*What to produce*: Make an exact copy of the records, leaving out the images.

*** Source data Section Begins ***

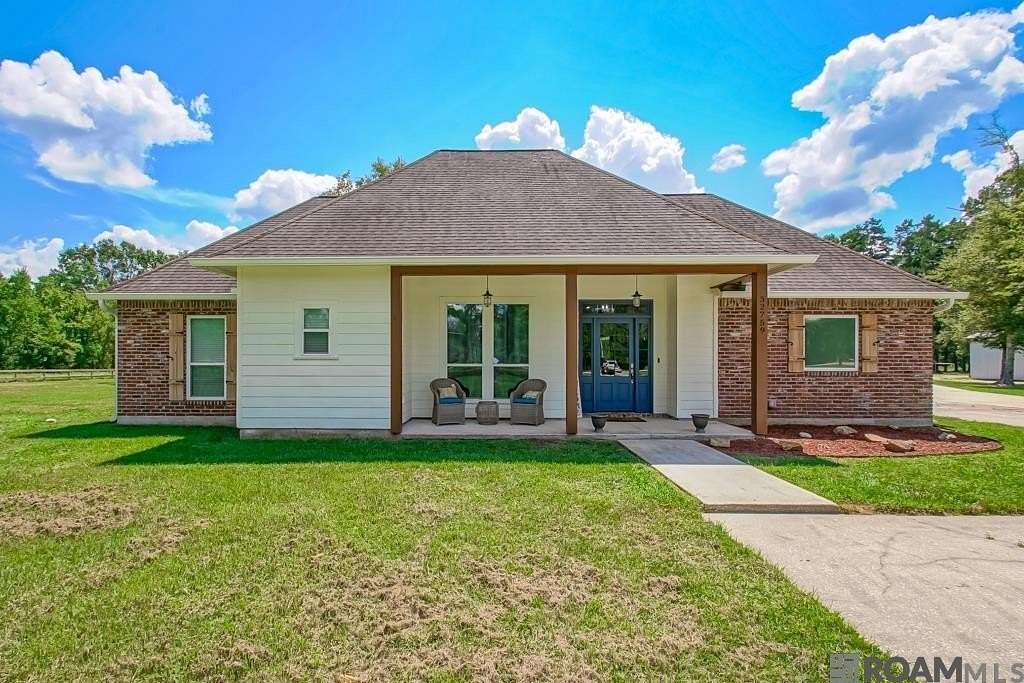 4 Acres of Land with Home for Sale in Walker, Louisiana
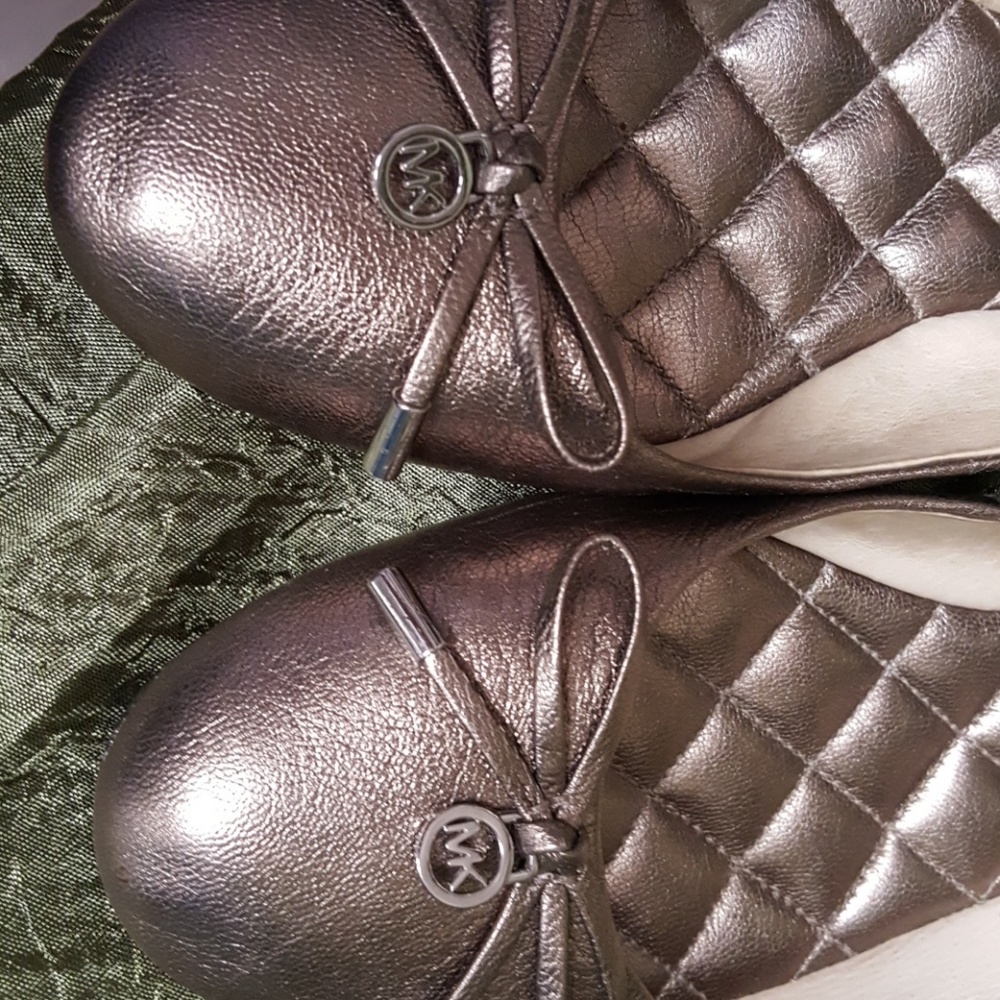 MK Metallic, greenish Gold color) Flats :sz 8 1/2 - Picture 2 of 8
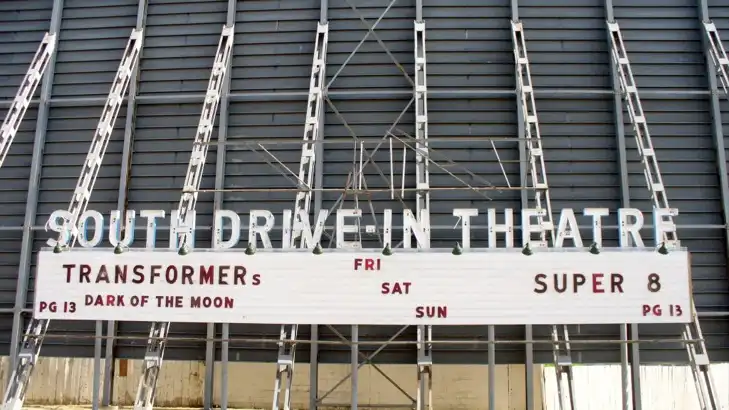 South Drive-in Screen 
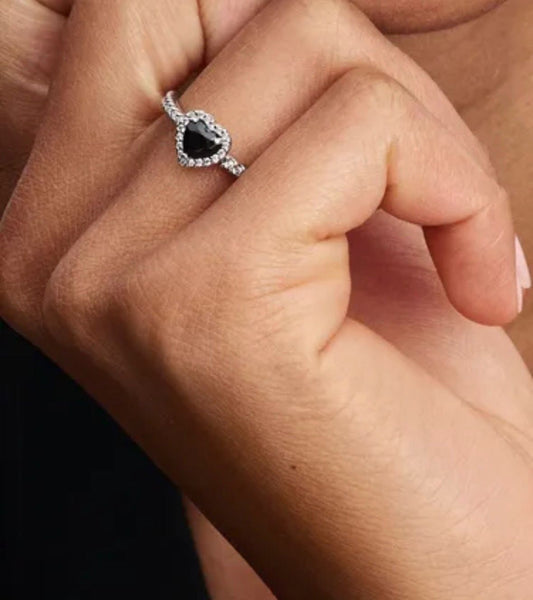 Anillo corazón negro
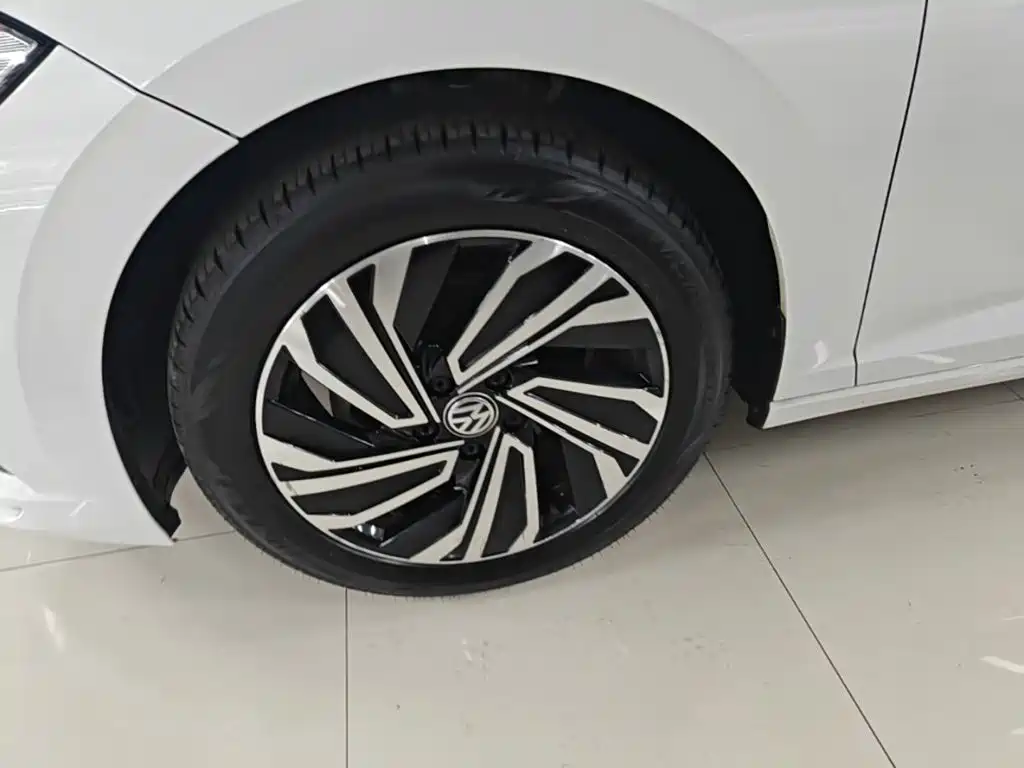 Фото 23 - Volkswagen Sagitar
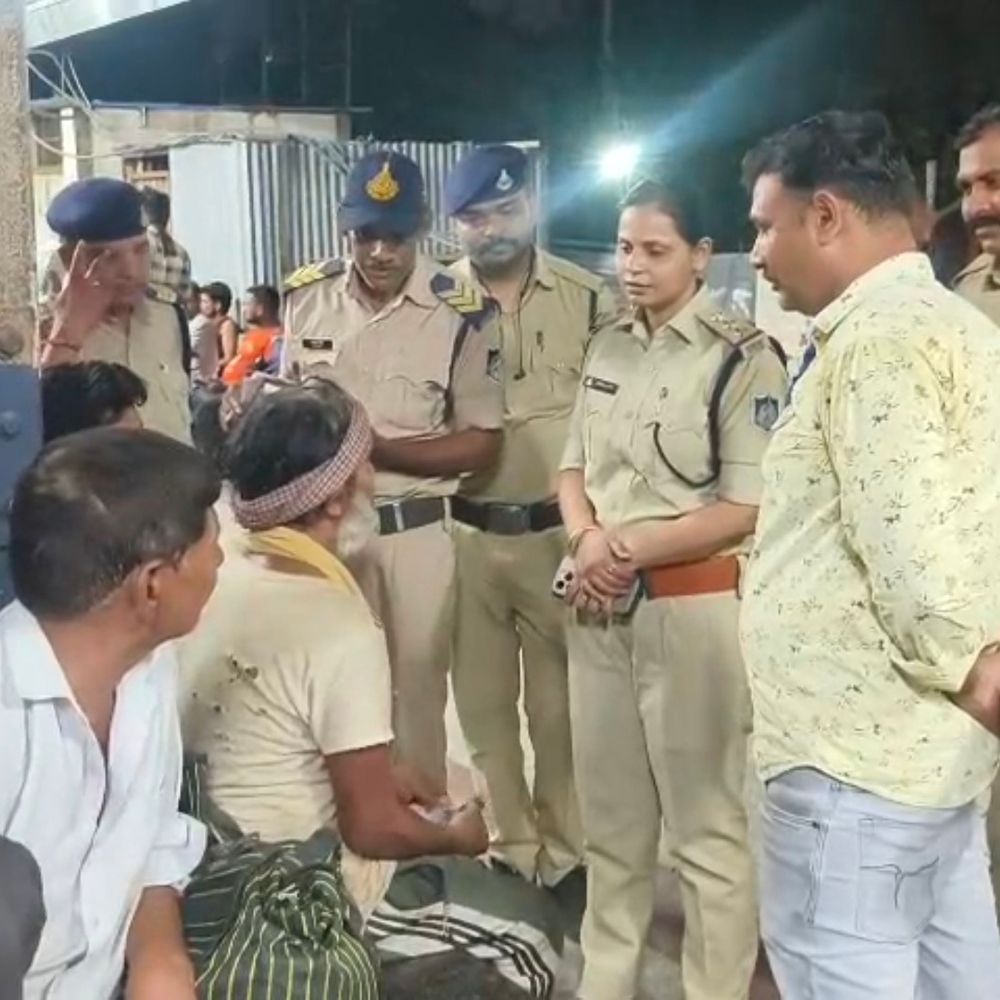 ग्वालियर स्टेशन पर पिता से बिछड़े दो बच्चे मिले:जीआरपी ने 'ऑपरेशन हमदर्द' के तहत परिवार से मिलाया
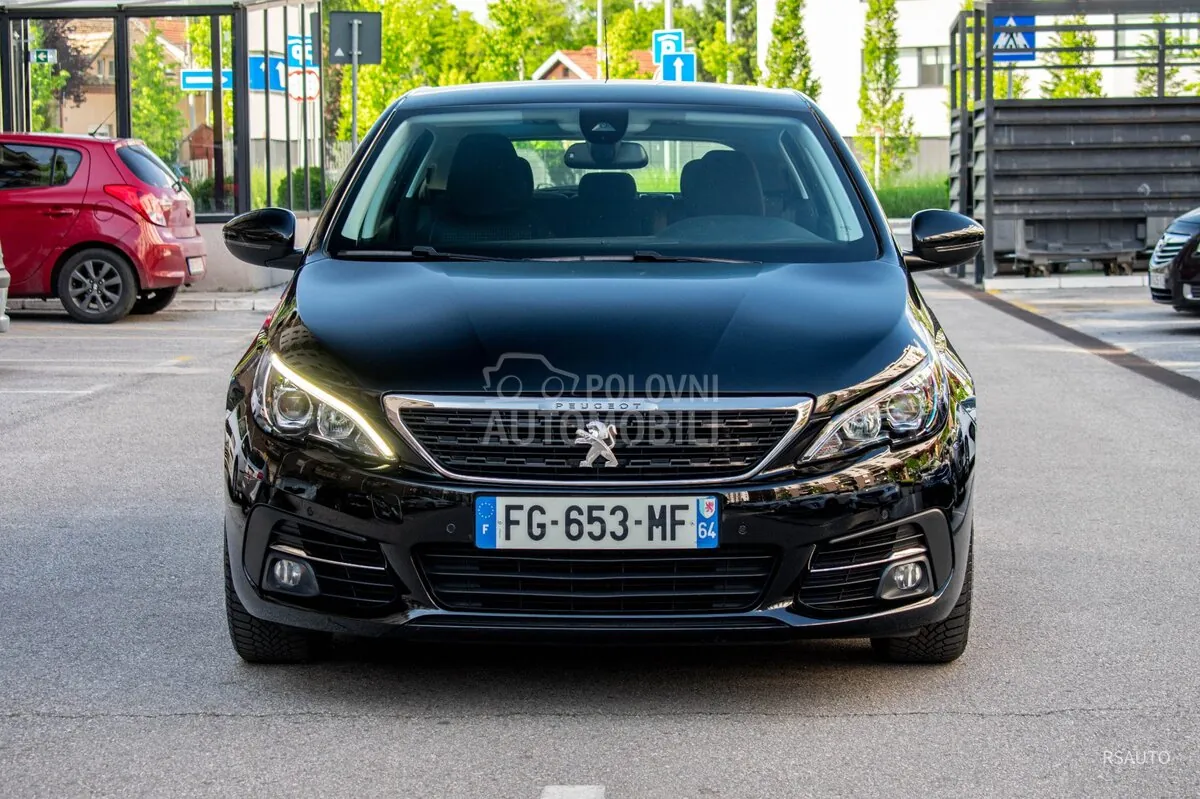 Peugeot 308 2021 photo 2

*** Source data Section Ends ***

*Solution*:
 4 Acres of Land with Home for Sale in Walker, Louisiana
 MK Metallic, greenish Gold color) Flats :sz 8 1/2 - Picture 2 of 8
 South Drive-in Screen 
 Anillo corazón negro
 Фото 23 - Volkswagen Sagitar
 ग्वालियर स्टेशन पर पिता से बिछड़े दो बच्चे मिले:जीआरपी ने 'ऑपरेशन हमदर्द' के तहत परिवार से मिलाया
 Peugeot 308 2021 photo 2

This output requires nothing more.